A Probabilistic Method for Extracting Chains of Collinear Segments

摘要

We present a probabilistic method for linking together edge segments into collinear chains. From simple assumptions concerning the underlying probability densities of segment lengths, positions, and orientations, a probability density is determined for a measure of the deviation of a junction from perfect collinearity. For each pair of segments passing a battery of preliminary screening tests, we compute the probability that its deviation would be smaller than the one observed if the two lines were generated at random. The junctions that pass the tests and for which this probability is sufficiently small define a connectivity matrix of collinear segments.

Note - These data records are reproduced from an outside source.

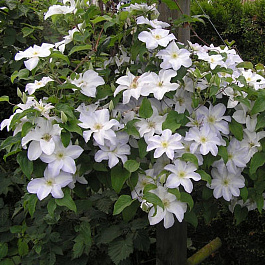Клематис крупноцветковый Юкикомаши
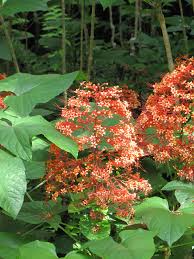Black pagoda lipstick plant plant party. How To Propagate Pagoda Plant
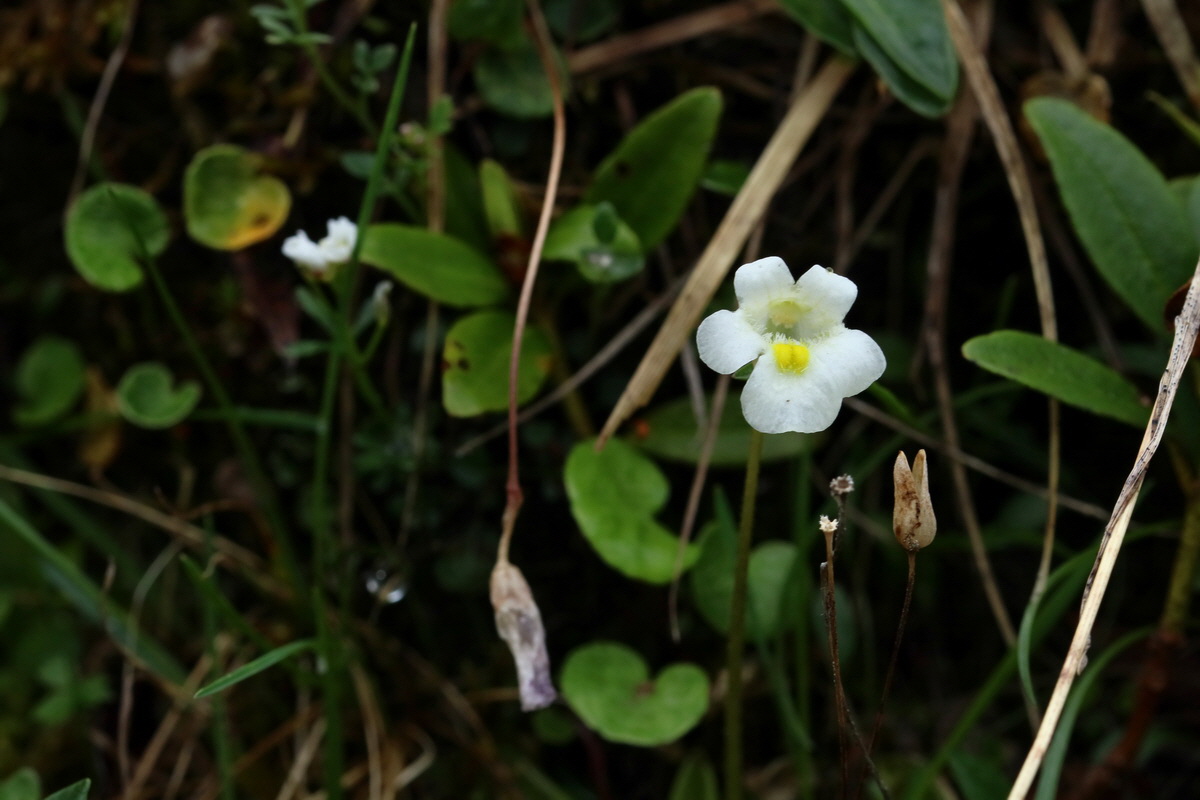 2017_06_27_035560p_Bildgr��e �ndern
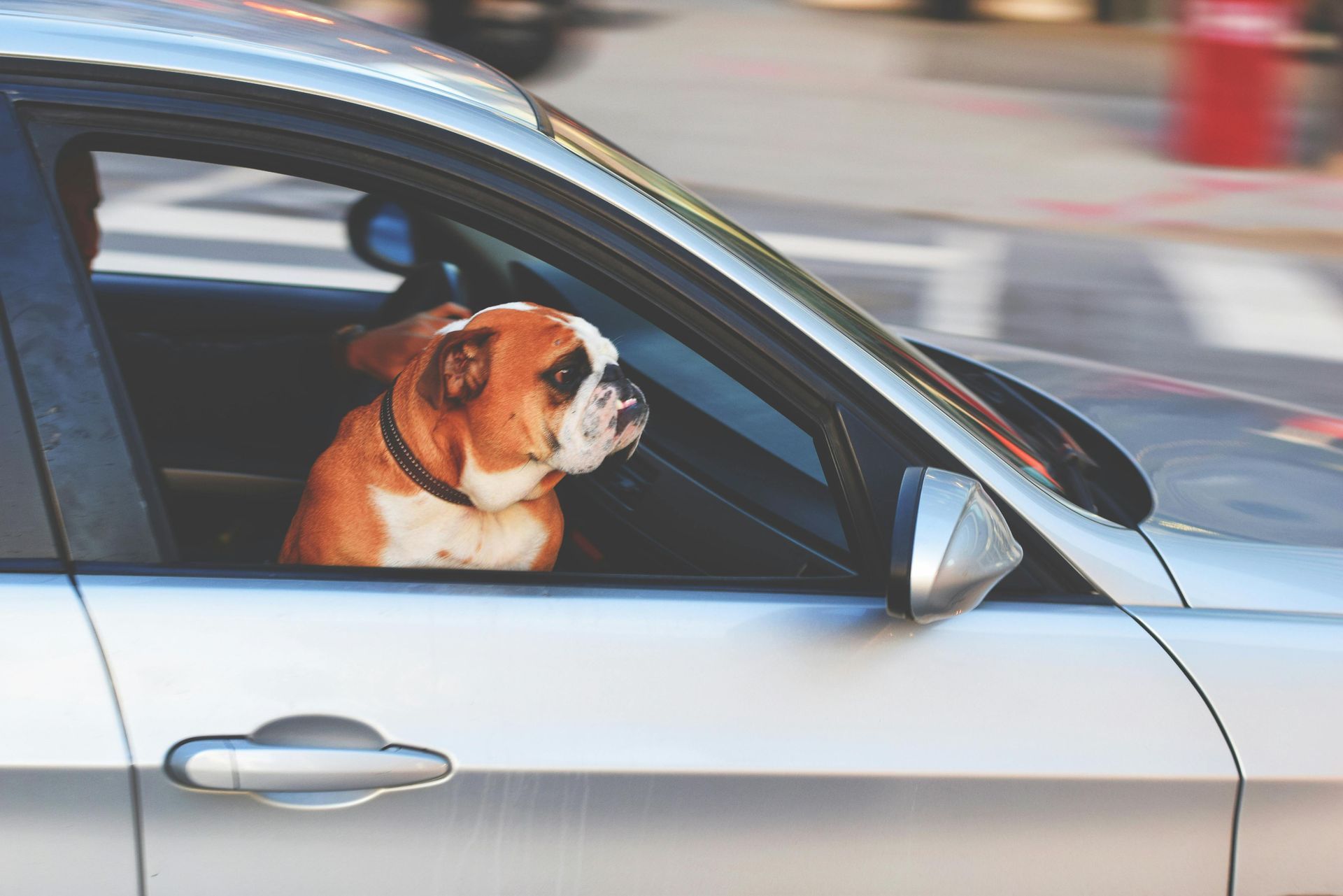Brown-and-white dog looking out a car window as the car moves on a city street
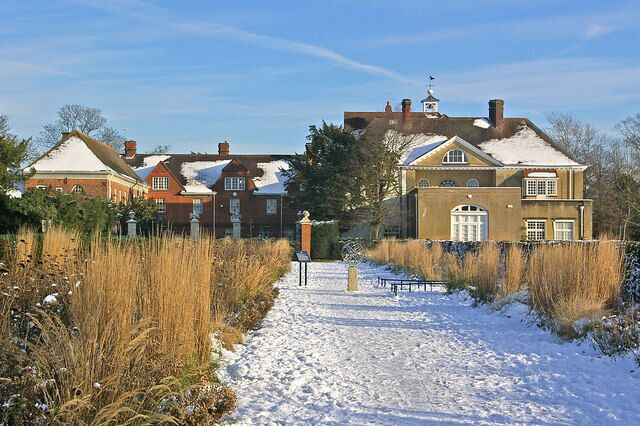 A snow-covered pathway leading to a row of houses with a clear blue sky.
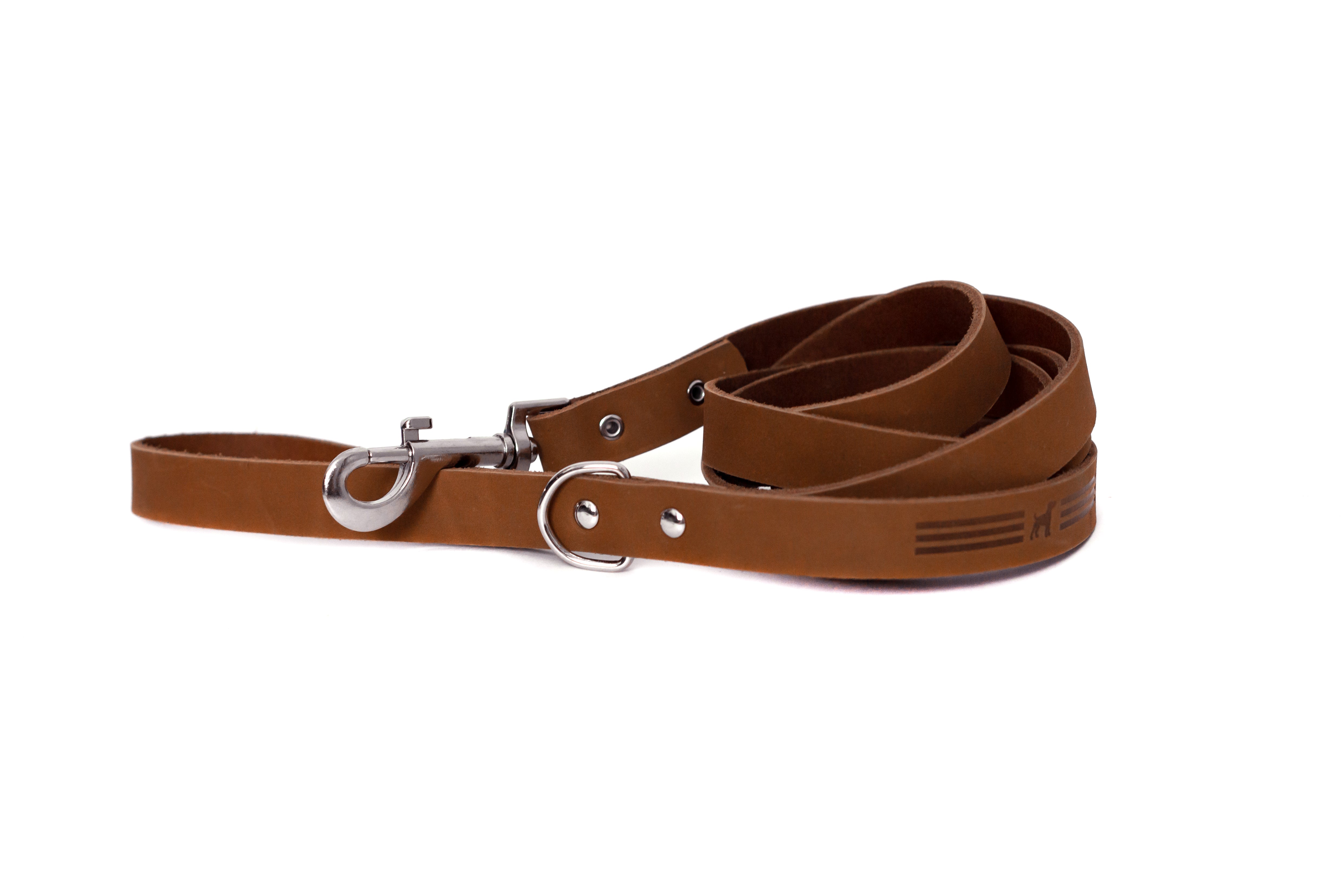 Modern Leather Leash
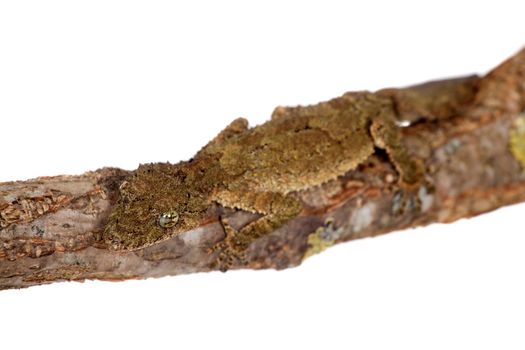 Southern leaf-tailed gecko, Saltuarius swaini, isolated on white background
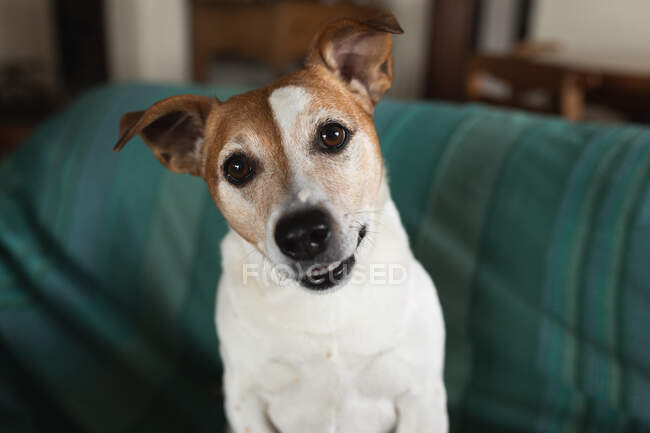 Front view of a cute pet dog sitting on the sofa in a living room and looking up at camera — Stock Photo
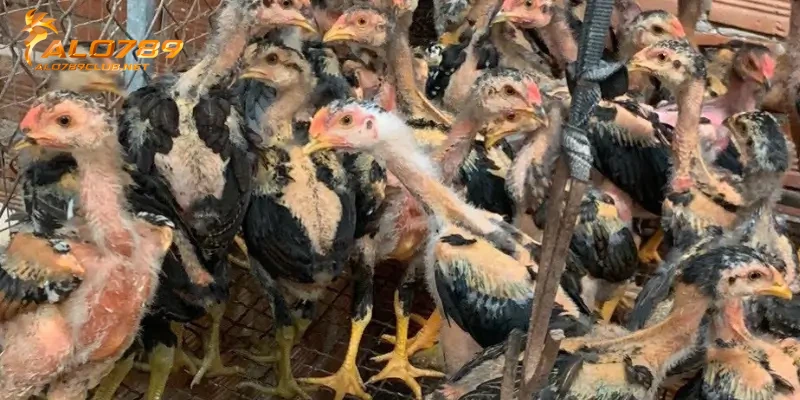 Cách chọn gà giống đá hay qua tố chất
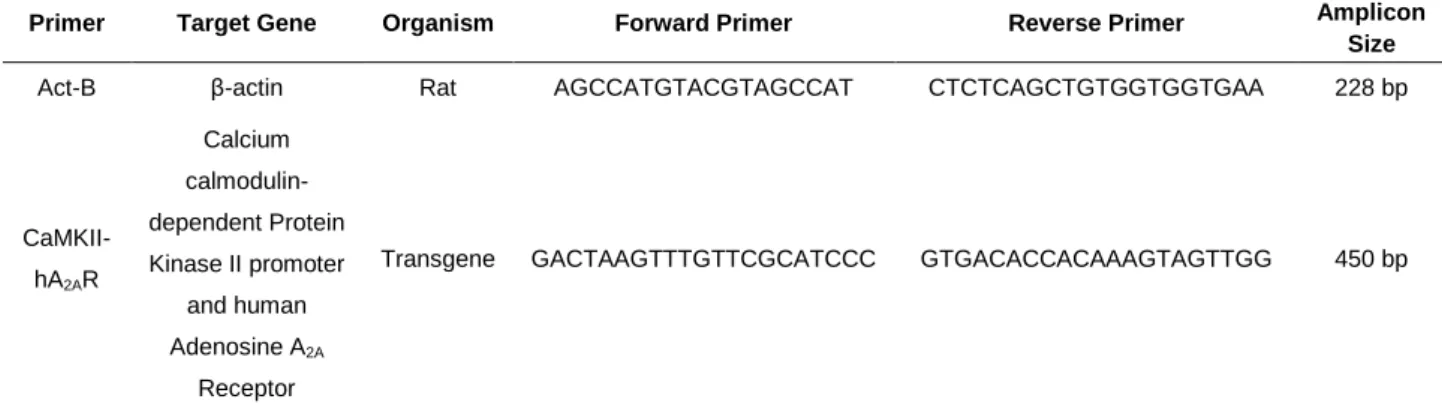 Table 3.1 - Primers used for genotyping of transgenic animals 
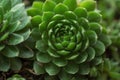 Green leaves of succulents with thorns, macro close-up, natural background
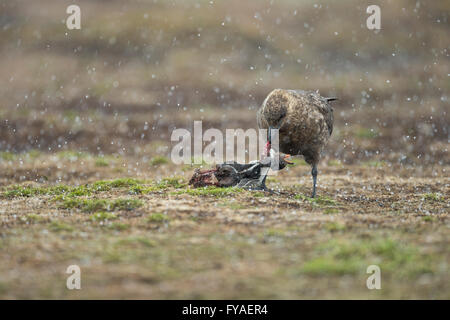 Braune Skua Stercorarius Antarcticus Erwachsenen Essen Gentoo Penguin Pygoscelis Papua, Sea Lion Island, Falkland-Inseln im Dezember. Stockfoto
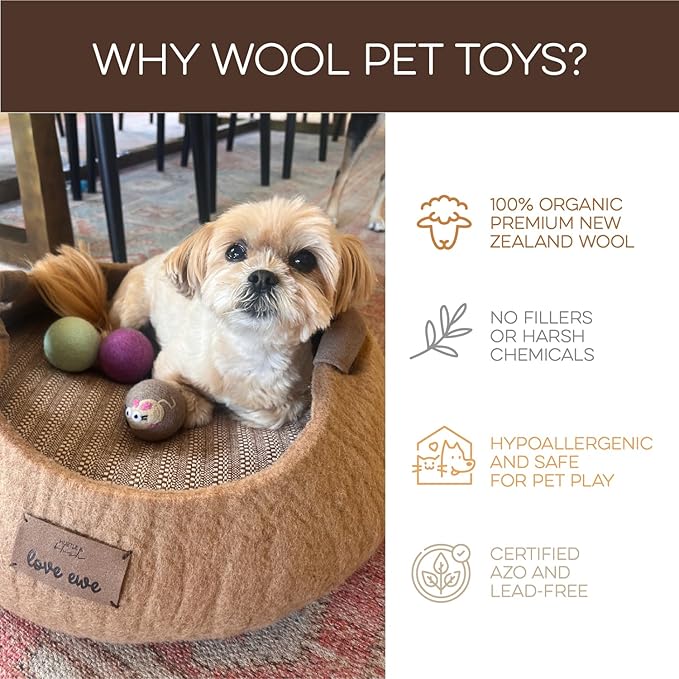 Hustle & Blush Wool Felt Balls 6 Pack, Love Ewe Pet Supplies - 2 inch Felted Wool Cat Toys Dragonfly & Duck, 100% New Zealand Wools Felt Cat Toys Handmade Wools Felts Balls - Cats Felts Ball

Chains of collinear segments are extracted from the connected components of this matrix and validated by computing their global probabilities of nonaccidental occurrence. The procedure is repeated iteratively with the new chains included in the segment data base, which allows bridging progressively larger gaps, until no more chains can be formed. The global probability of nonaccidental occurrence of each hypothesized chain is computed by taking into account the mutual dependencies of junction probabilities; a powerful simplification is presented that reduces from exponential to linear the complexity of taking such dependencies into account. We further show that the bayesian dependency theory used for computing junction probabilities in a chain naturally leads to the Gestalt principle of regularity. The procedure is demonstrated on real-world images.